After a press conference in which he pointed out that Eisenhower and Stevenson had each received free tickets to the World Series, the Yankees gave him a ticket to the first game. Ike threw out the first ball; Henry was in the stands. Then Pravda denounced him as a “swineherder from the prairies of New Jersey,” and in a fit of snobbery, chastised the United States for allowing such a man to be a candidate.

Eisenhower was re-elected by 35,590,472 to Stevenson’s 26,022,752. The States’ Rights, Socialist Labor, Prohibition, Constitution, Socialist Workers, Mississippi Black and Tan Grand Old Party, and Socialist candidates also ran. Krajewski and his running mate, Anne Marie Yezo, polled 1829. He didn’t come in dead last: Gerald L. K. Smith, an anti-Semitic rabble rouser running as a Christian Nationalist, polled eight write-in votes in California.

In 1957, he ran for governor again (6256 votes, fourth place) and in 1958, U.S. Senator (6413 votes, fourth place), running with the label “Politicians are Jokers.”

On July 15, 1959, he celebrated his 47th birthday by announcing he’d run for president in 1960. He made a cross-country speaking tour, picketing both major party conventions, and, as one might expect, was shoved around by Democrats who lacked a sense of humor. But, as the Bible tells us, “A man’s foes: they shall be his own people.” In 1960, the New Jersey Secretary of State disqualified him from the ballot on technical grounds. One state official said, off the record, that his disqualification was due to his “lack of dignity.”

Given the current occupant of the Oval Office, one wonders what would constitute a lack of dignity today.

The closest Henry came to the White House was an invitation to Eisenhower’s inauguration and Presidential ball, which he accepted.

He appeared on the ballot one more time, in 1961, running for Governor as the Veterans Bonus Now candidate (3904 votes, fourth place).

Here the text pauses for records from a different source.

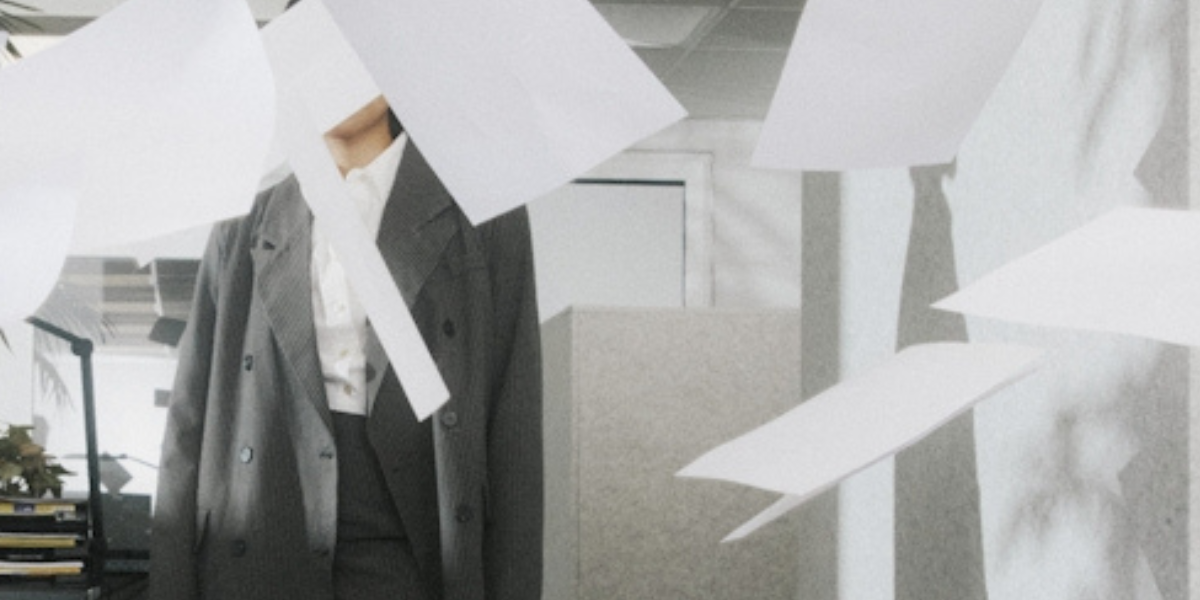A woman in an oversized suit stands in an office space. Blank sheets of paper flutter around covering her face.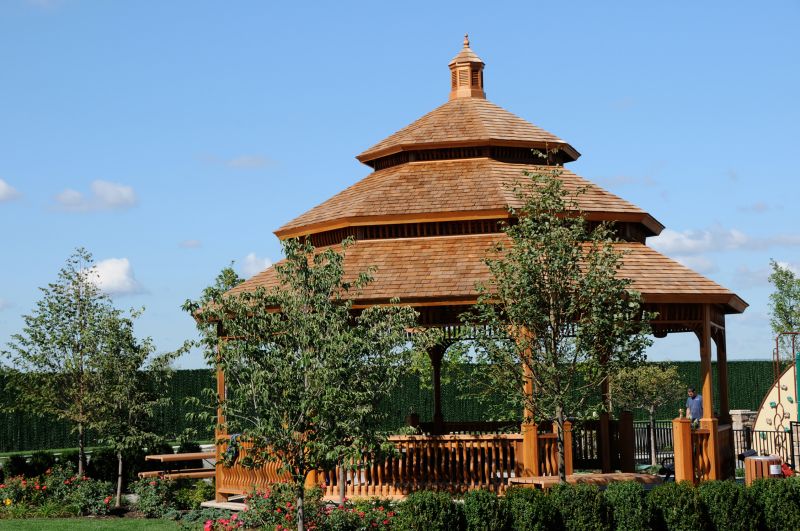 Helix at Xchange exterior photo shows large gazebo lined with garden style shrubs, trees, and park bench for seating.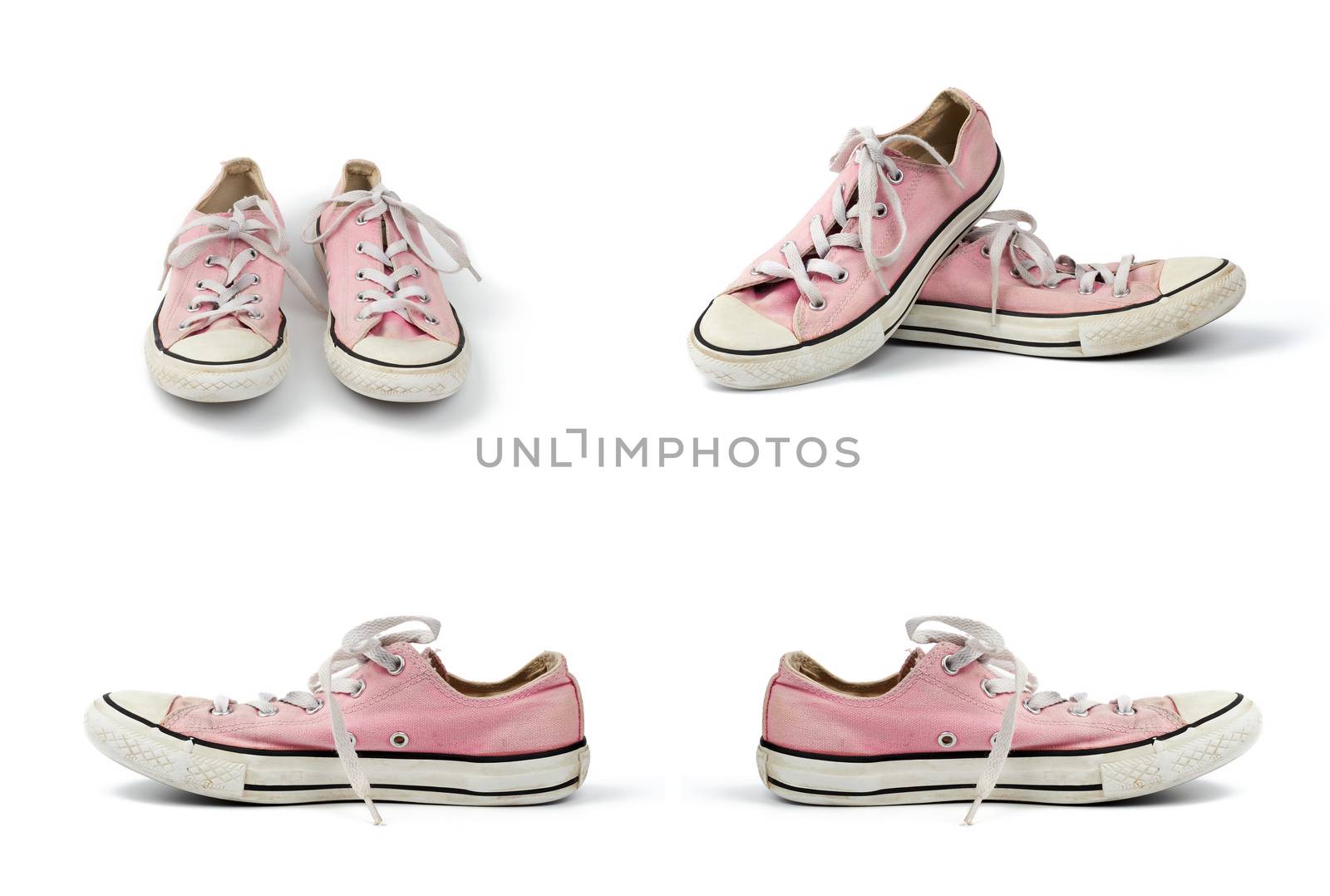 pair of light pink worn textile sneakers with laces isolated on a white background, front and side view, set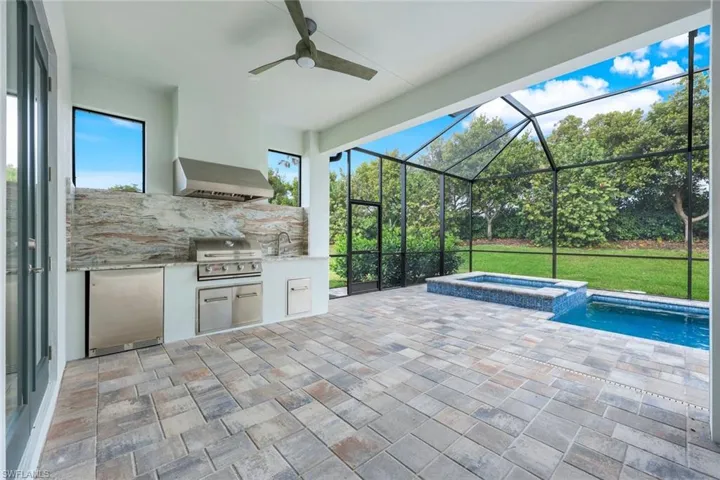 View of patio with sink, grilling area, glass enclosure, an in ground hot tub, and exterior kitchen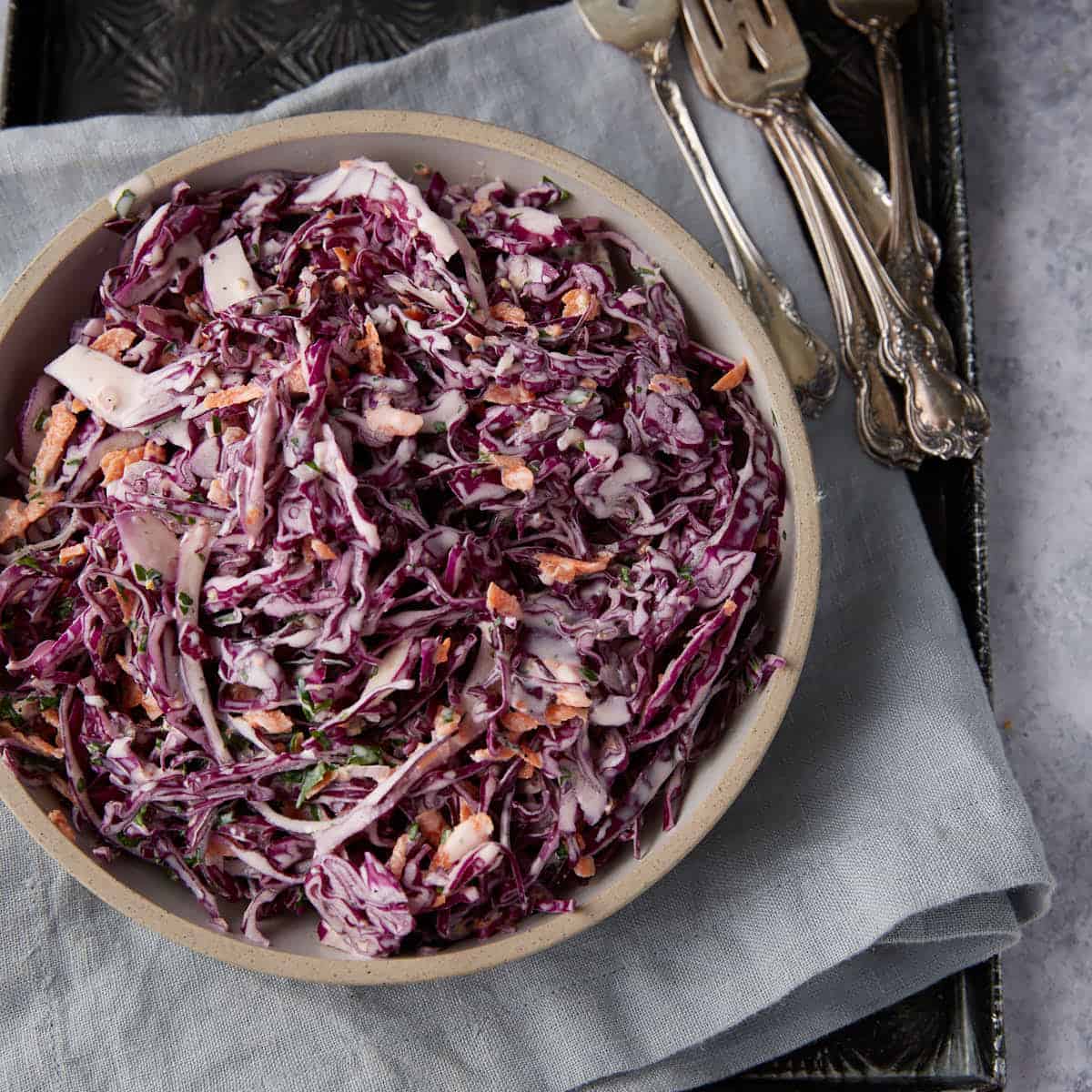 Red cabbage coleslaw in a dish on a linen napkin.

Despite the stunts, jokes, and good humor, Krajewski was serious. He wanted to prove to America and the world that a poor man could be president. Perhaps this was absurd. More important was his knack for caricature. Thayer noted Krajewski’s “an uncanny eye for all that is ludicrous, ironic, and idiotic about American politics.” His gross exaggerations of conventional politicians’ antics mocked their absurdities. Thayer suggests that the press missed the point and wrote off Krajewski as just another pleasant screwball. However, the Jersey politicians who kept him off the ballot apparently found him a burlesque of themselves, which they didn’t appreciate.

Thayer thought Tammany Hall, Krajewski’s tavern in Secaucus, “was the best reflection of his political career.”  It specialized in Polish beer and kebasy, with straw hats nailed to the ceiling. A perpetual stream of men stalked around its battered pool table. “Framed on the walls,” Thayer wrote, “were Krajewski’s political memorabilia: newspaper clippings, photographs, bumper sticks, and campaign literature. Among these mementos was a 45-rpm record of campaign music called ‘Hey! Krajewski! Hey! Hey!’ by Bernie Witkowski and his Silver Bells.” He advertised his tavern and his campaigns with an old white box trailer in his parking lot, visible to passengers on the old Pennsylvania Railroad mainline nearby, that read: “Politicians are Jokers.”

When Thayer interviewed him in late 1965, Krajewski suffered from diabetes. His right leg had been amputated above the knee in August, 1965. Yet he remained warm, good humored, and high-spirited.

In 1966, he announced for U.S. Senator on an anti-sales tax platform. But his health collapsed, he didn’t qualify for the ballot, and died of heart failure on November 8, 1966—Election Day. He was 54 years old.